Work instruction:
Nothing but the lines from the one containing "2 Pzas Irfp460" through the end of the entries below should appear in your answer, transcribed exactly; please drop the pictures.

Provided records:
______
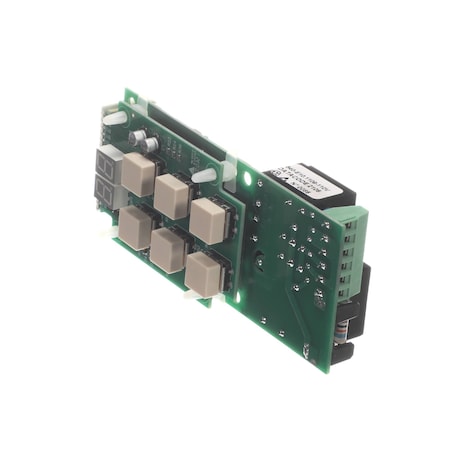 Stoelting Control Board with Display, User Interface, 6 Button, CW5-37B E10.1110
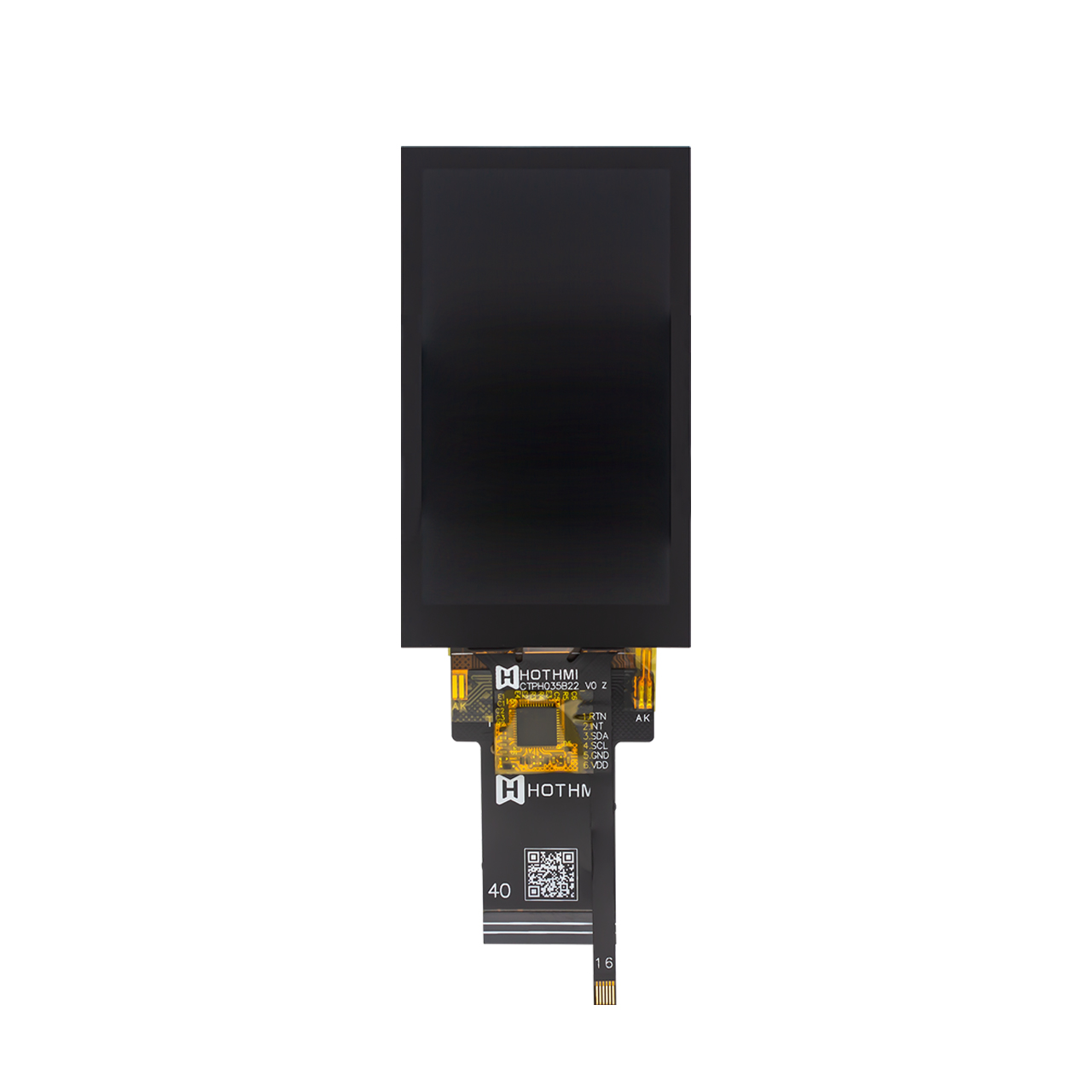 3.0 Inch TFT LCD Applications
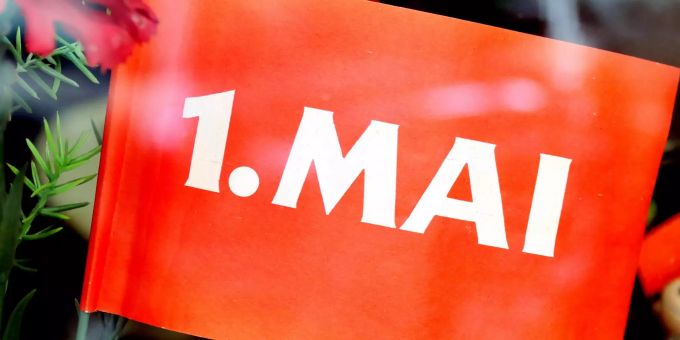 1.Mai. 1.Mai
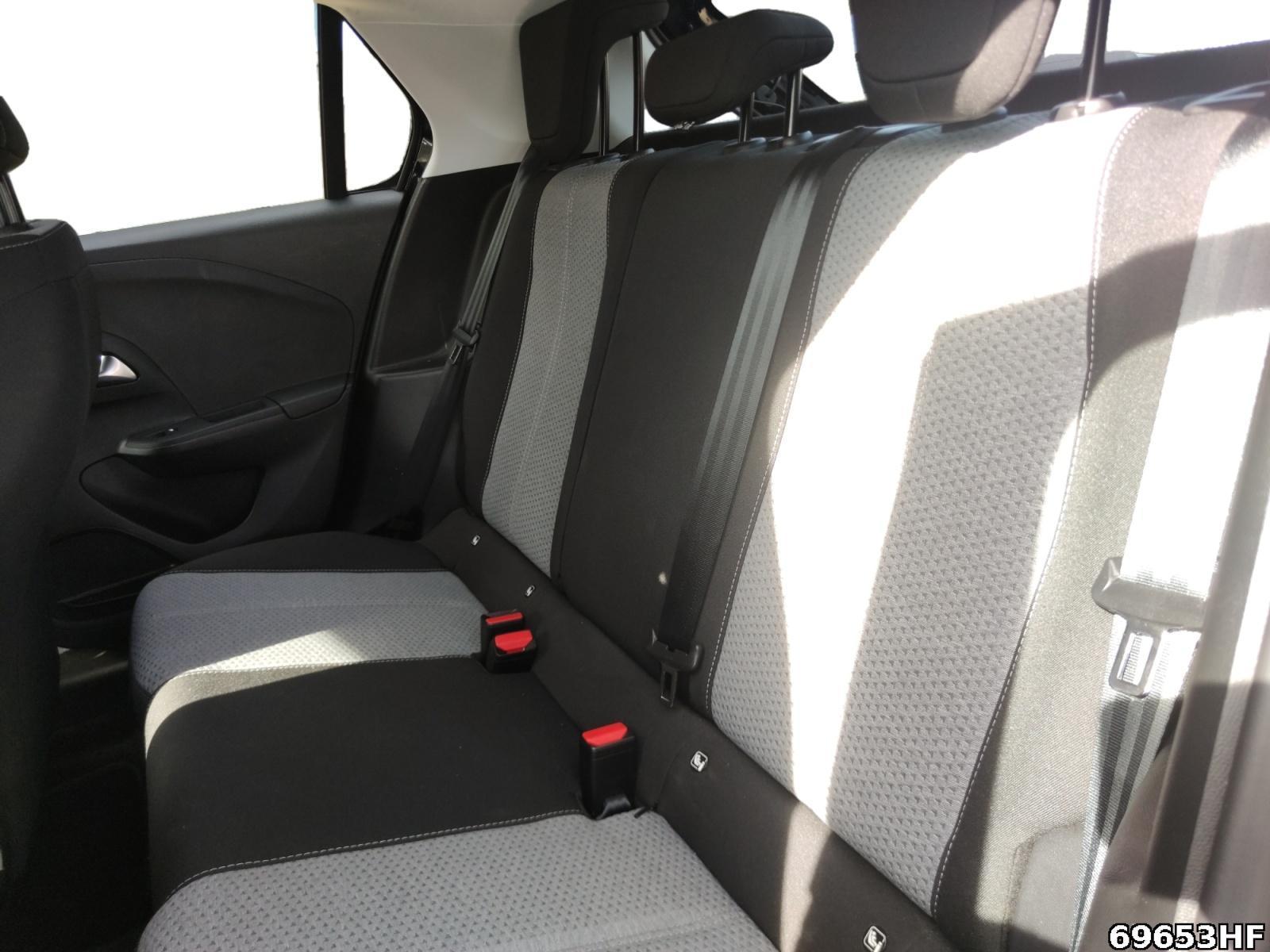Fahrzeugabbildung Opel Corsa 1.2 (EURO 6d)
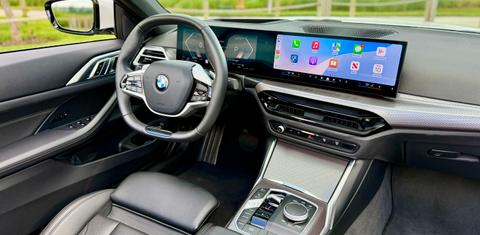 BMW 4 Series 2025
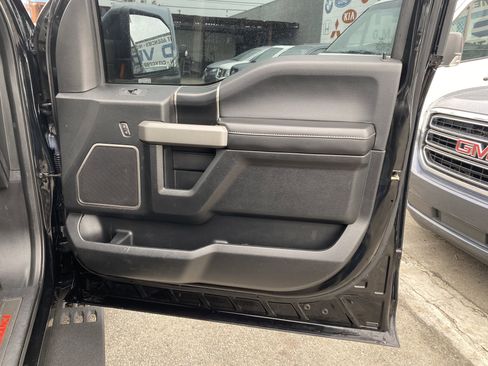 Used 2018 Ford F150 Raptor w/ Equipment Group 802A Luxury image 28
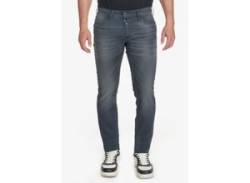 Slim-fit-Jeans LE TEMPS DES CERISES "700/11" Gr. 30, US-Größen, blau Herren Jeans Slim Fit von Le Temps Des Cerises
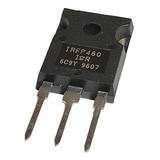 2 Pzas Irfp460 Mosfet Canal N 500v 20a To-247
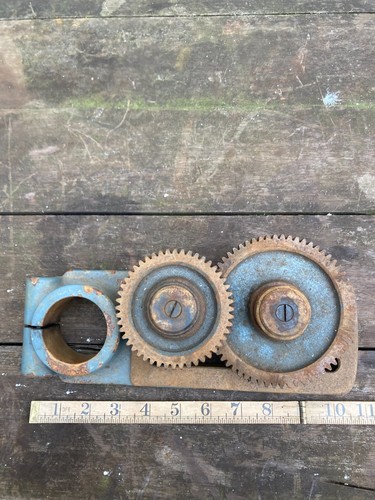 Lathe change gear banjo - change,
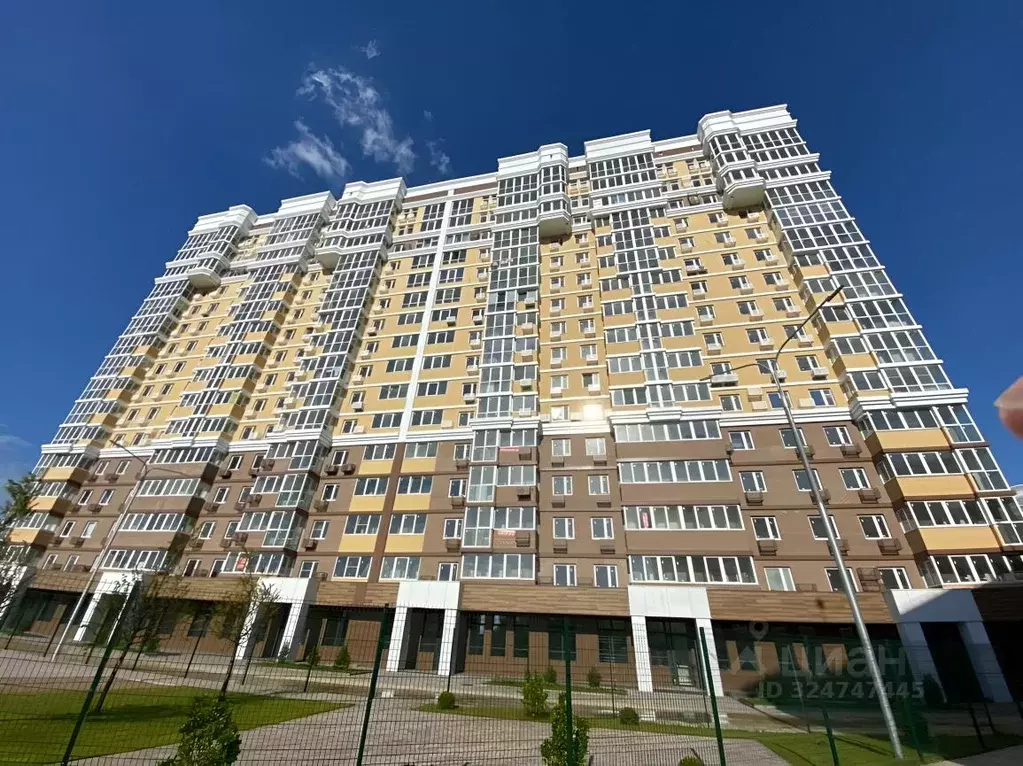 Студия Краснодарский край, Краснодар Колхозная ул., 5/1 (26.9 м) - Фото 1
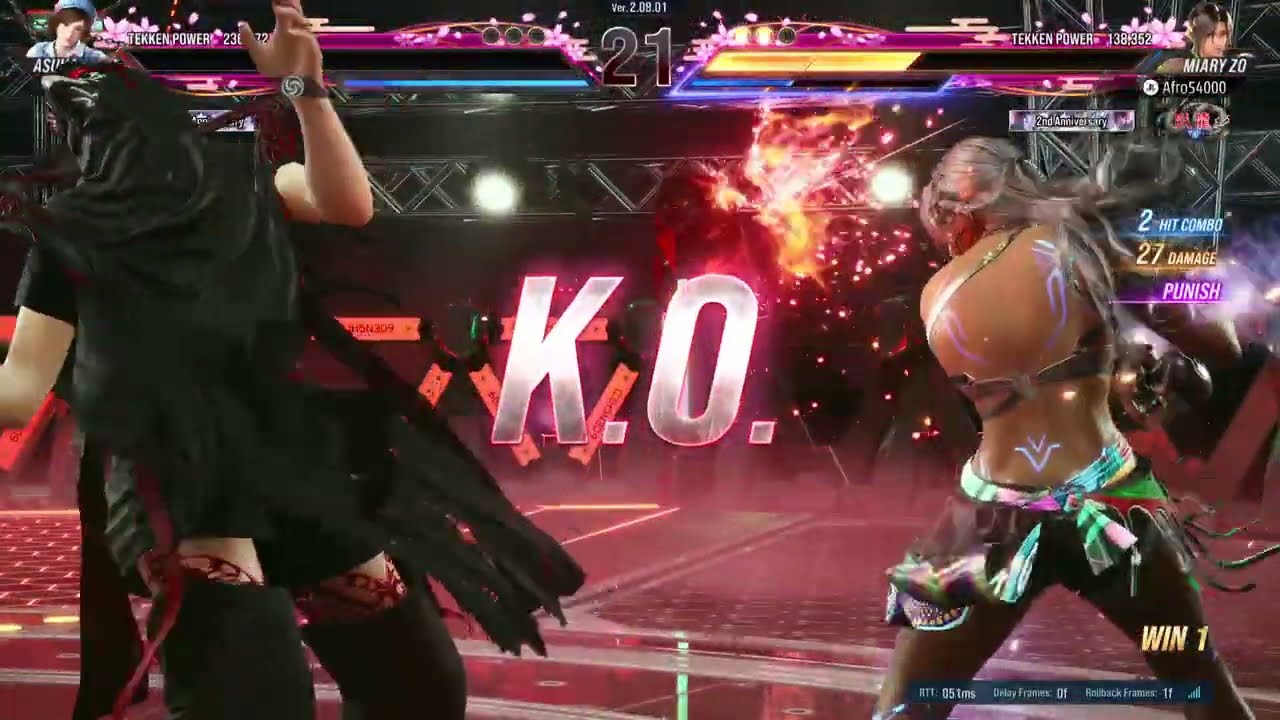 TEKKEN8 online #619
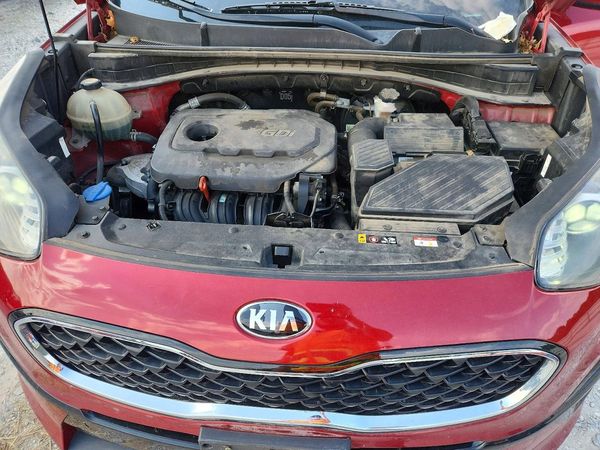 2021 KIA SPORTAGE LX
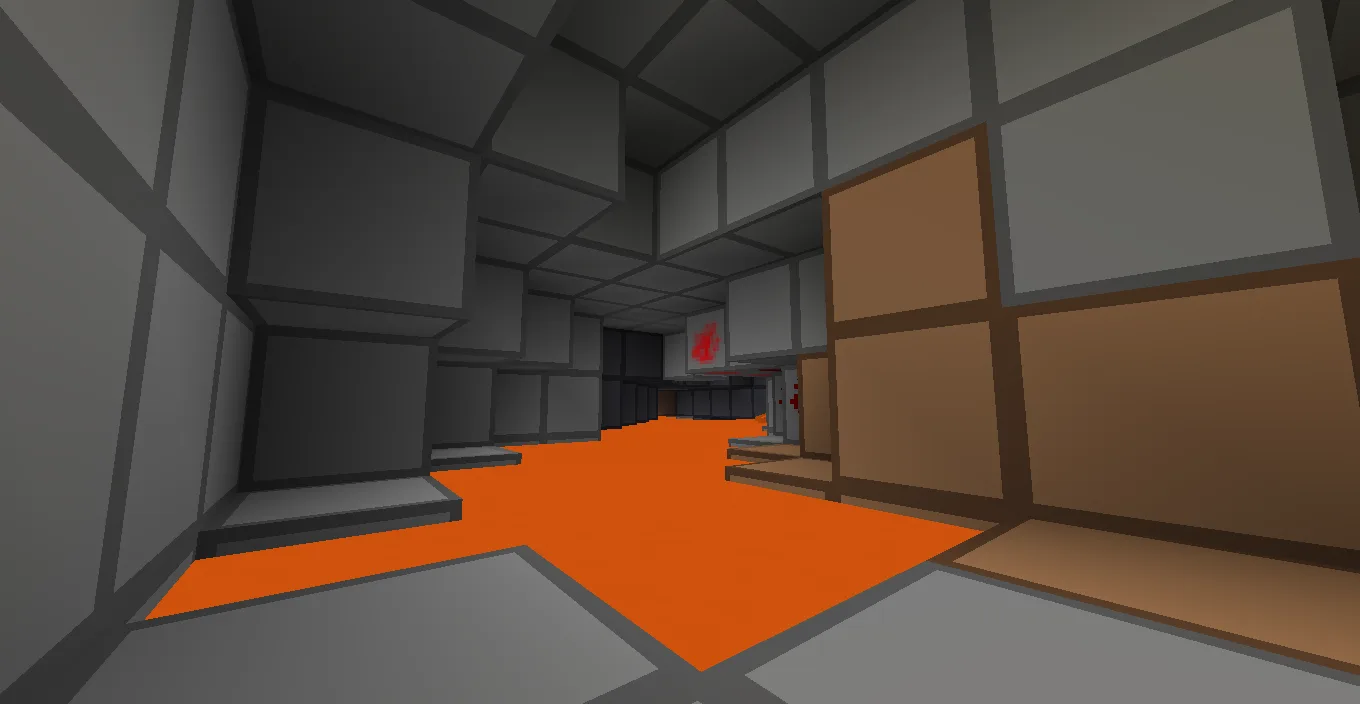 Ресурс-пак Elvispack: текстуры пещеры.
______
Written reply:
 2 Pzas Irfp460 Mosfet Canal N 500v 20a To-247
 Lathe change gear banjo - change,
 Студия Краснодарский край, Краснодар Колхозная ул., 5/1 (26.9 м) - Фото 1
 TEKKEN8 online #619
 2021 KIA SPORTAGE LX
 Ресурс-пак Elvispack: текстуры пещеры.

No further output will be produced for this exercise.